Editor’s Note: This content is contributed by Rob Green, Senior Manager - Pro AV, Broadcast, and Consumer.
A Small Squeeze Makes a Big Impact in 8K
The emergence of 8K cameras and the capture of higher resolution images is slowly driving the rest of the media workflow to handle 8K content. But the exponential costs of moving, processing, and storing the vast amounts of data associated with 8K content is causing many to question whether the return on investment in new equipment and infrastructure is worth it.
Enter lightweight mezzanine codecs, designed to provide high-quality, low-latency compression without sacrificing video quality. Mezzanine, or intermediate, codecs were originally used in the production and post-production process to enable efficient transfer and storage of large amounts of content data between various video processing equipment, but they are becoming much more widespread across the entire multimedia content chain, used as AV-over-IP codecs, wireless transmission codecs, and in broadcast contribution.
One of the main advantages of using mezzanine codecs is their ability to retain the original video quality. Often available as visually or mathematically lossless codecs, they are ideal for editing and re-purposing video content or simply for reducing bandwidth to keep point-to-point transmission costs down. They are often very small in terms of implementation size, particularly when compared to lossy codecs such as H.264/H.265. Furthermore, mezzanine codecs are optimized for fast encoding and decoding, often having latency of just a few lines of video. This makes them an ideal choice for live broadcast applications and live events.
Figure 1: Typical codec bitrate ranges, highlighting mezzanine codecs in yellow (not exhaustive)
This combination of small size, low latency, and lossless quality means that mezzanine codecs are becoming extremely popular for video streaming at bitrates above a few hundred Mbps. This is even more apparent for handling 8K video. Uncompressed 8K60 video can typically require 40-100 Gbps bitrate depending on the format. Clearly this is impractical to transmit and store such huge amounts of data without any compression, so the use of JPEG XS or HTJ2K can be used to reduce this down by as much as 20:1, meaning it can now be transported over relatively inexpensive 10G Ethernet cables with lossless quality.
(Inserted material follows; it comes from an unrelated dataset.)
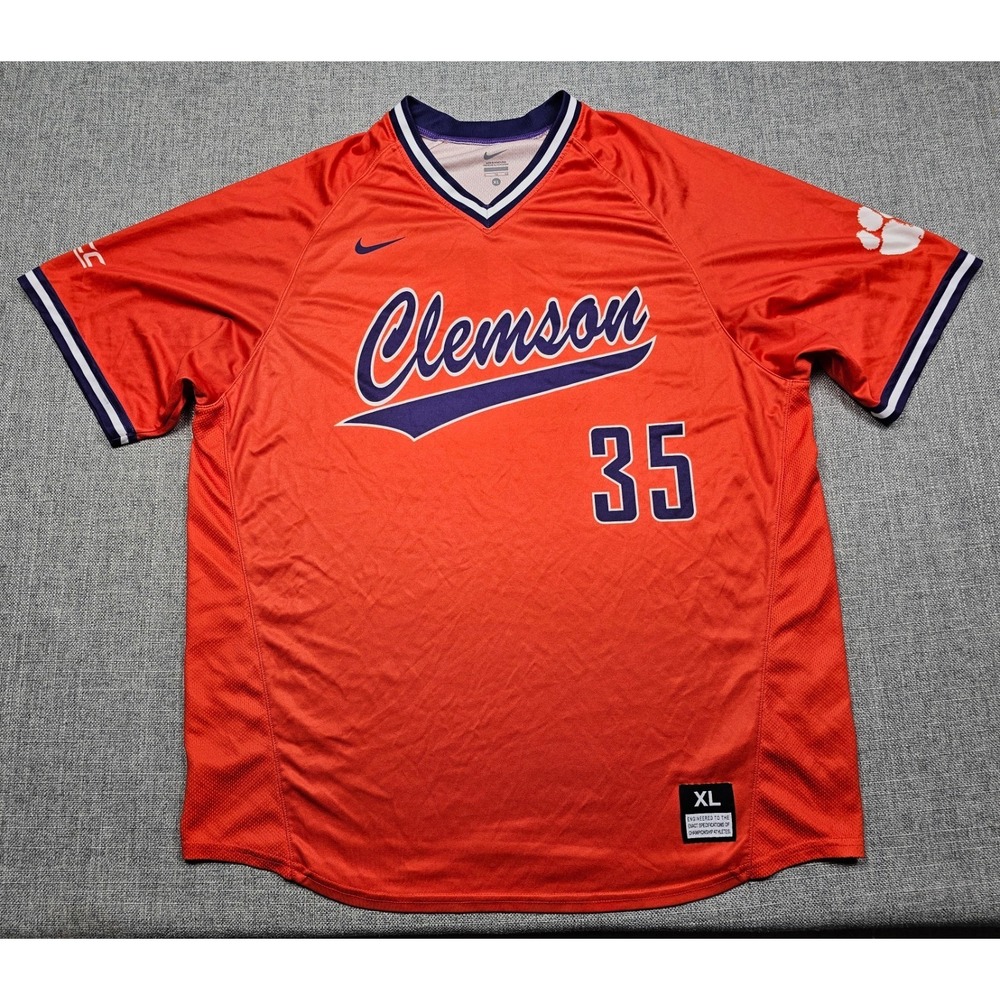 Clemson‎ Tigers Baseball Jersey Mens XL Nike Practice Team Issue Authentic #35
All the major mezzanine codecs are available on AMD products, with partners such as Astro Design, intoPIX, Jointwave, Parretto and Techno Mathematical offering IP cores that run in the programmable logic (PL) section of almost all families from Artix™ 7 FPGAs to Zynq™ UltraScale+™ MPSoCs and the latest Versal™ adaptive SoCs. This tremendous flexibility means that you can evaluate the codec which best suits your needs, and which you can quickly integrate as either a connectivity codec to get specific compressed video formats in and out of your system, or as a key selling point of your design in terms of interoperability and capability. And for 8K systems, you’ll really need to become familiar with mezzanine codecs to keep your hardware and usability costs down.